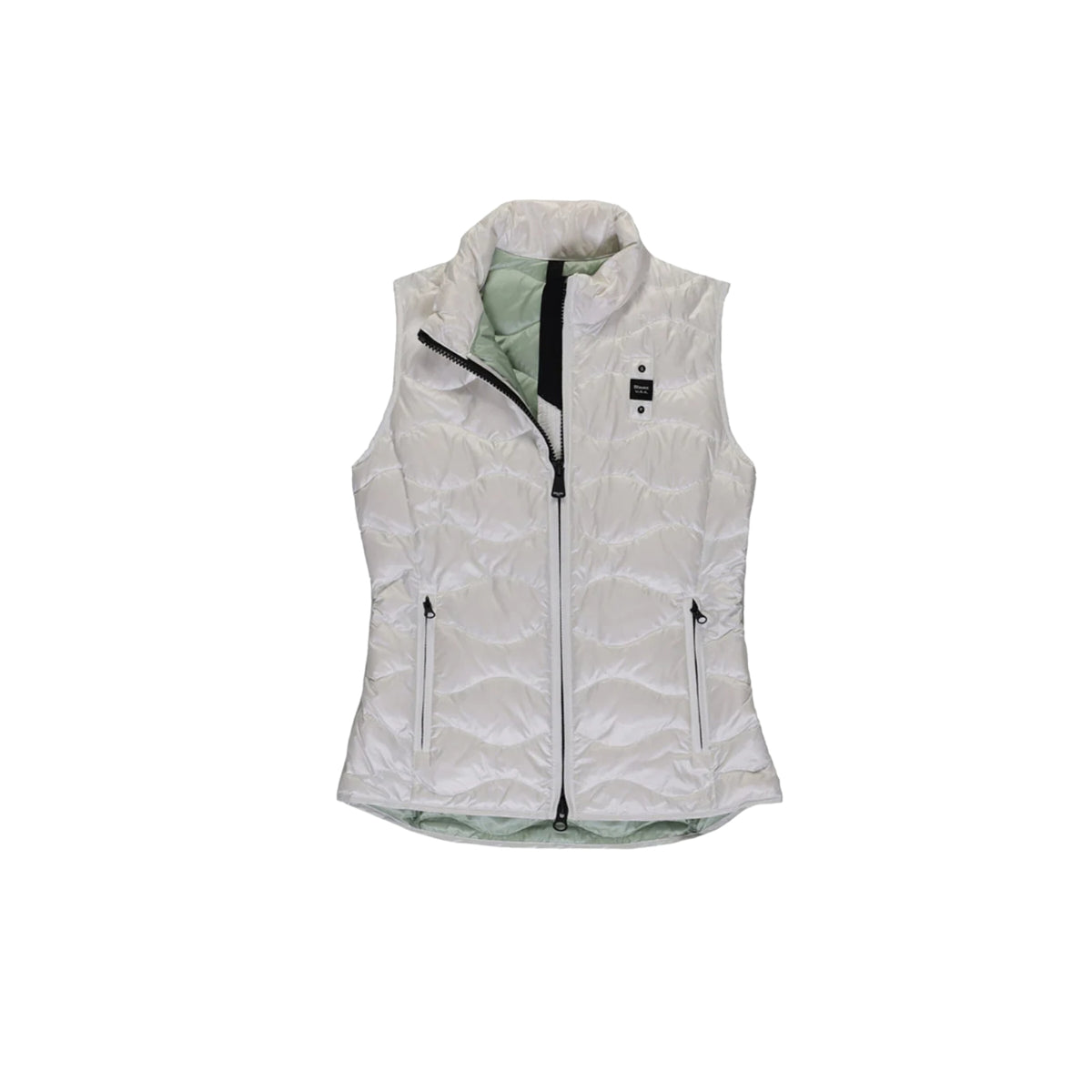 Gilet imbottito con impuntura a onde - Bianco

==

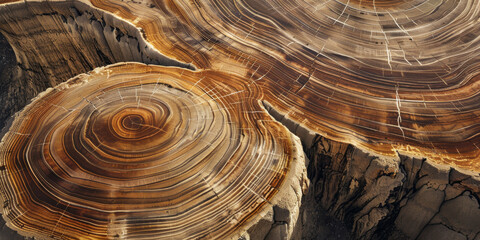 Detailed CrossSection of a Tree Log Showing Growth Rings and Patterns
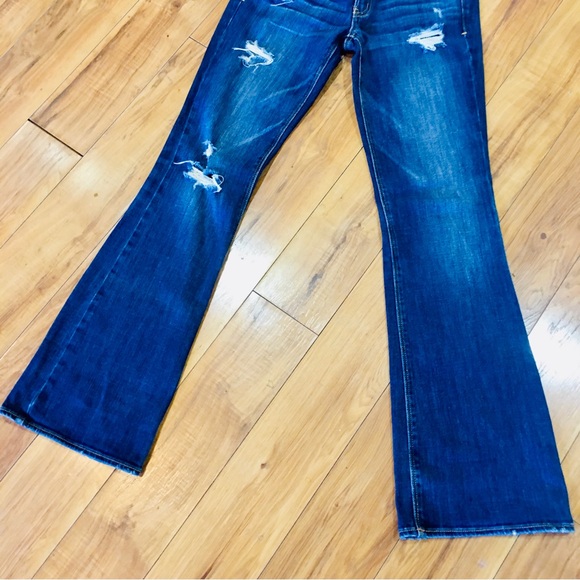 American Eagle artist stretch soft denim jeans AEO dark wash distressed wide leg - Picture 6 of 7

---

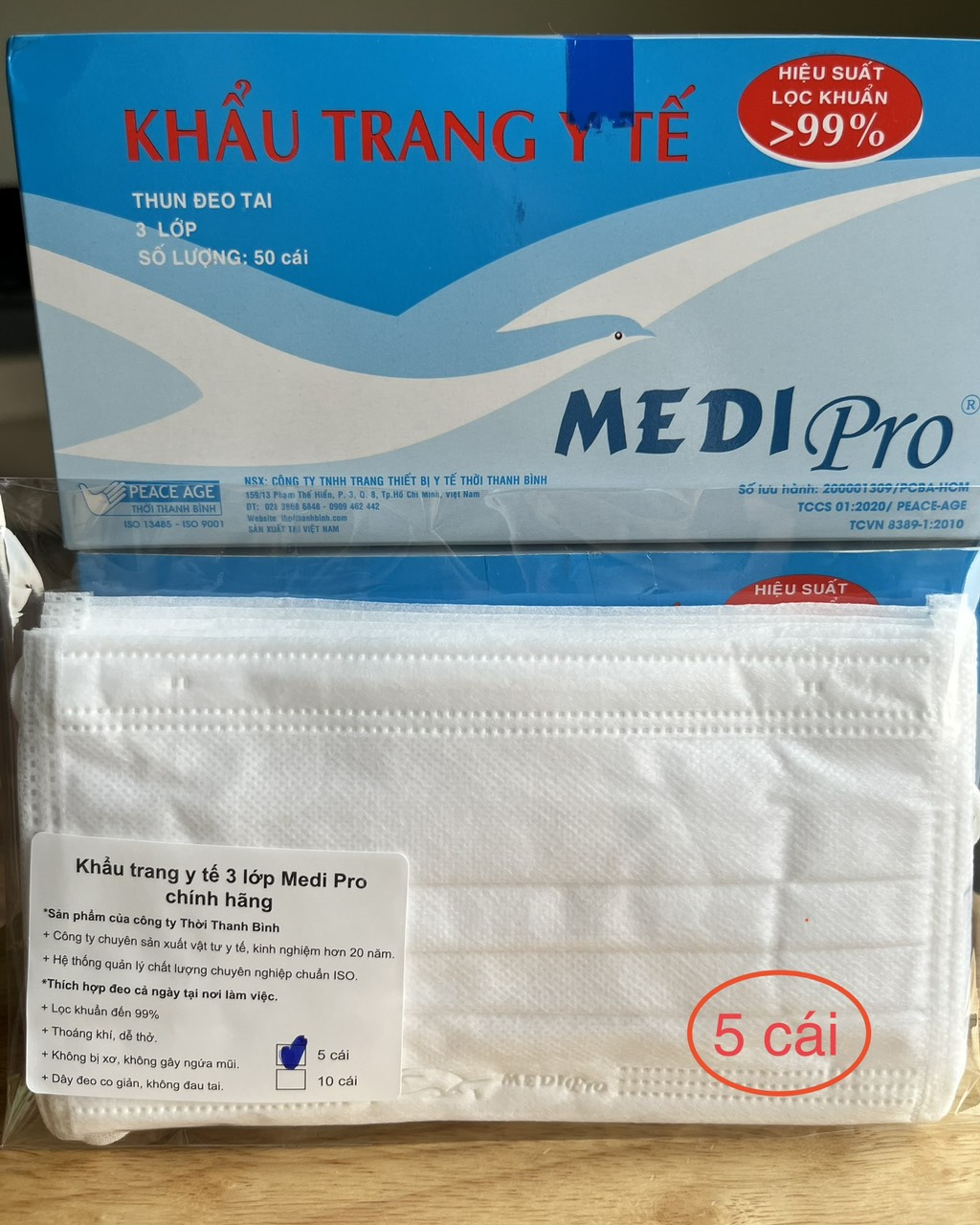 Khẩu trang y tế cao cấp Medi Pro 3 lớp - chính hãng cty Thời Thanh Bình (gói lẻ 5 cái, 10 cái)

• [Problem requirements]
Nothing but the lines above from the line with "Detailed CrossSection of" up to and including the line with "American Eagle artist" should be returned, exactly as written and without pictures.

• [Written answer]
 Detailed CrossSection of a Tree Log Showing Growth Rings and Patterns
 American Eagle artist stretch soft denim jeans AEO dark wash distressed wide leg - Picture 6 of 7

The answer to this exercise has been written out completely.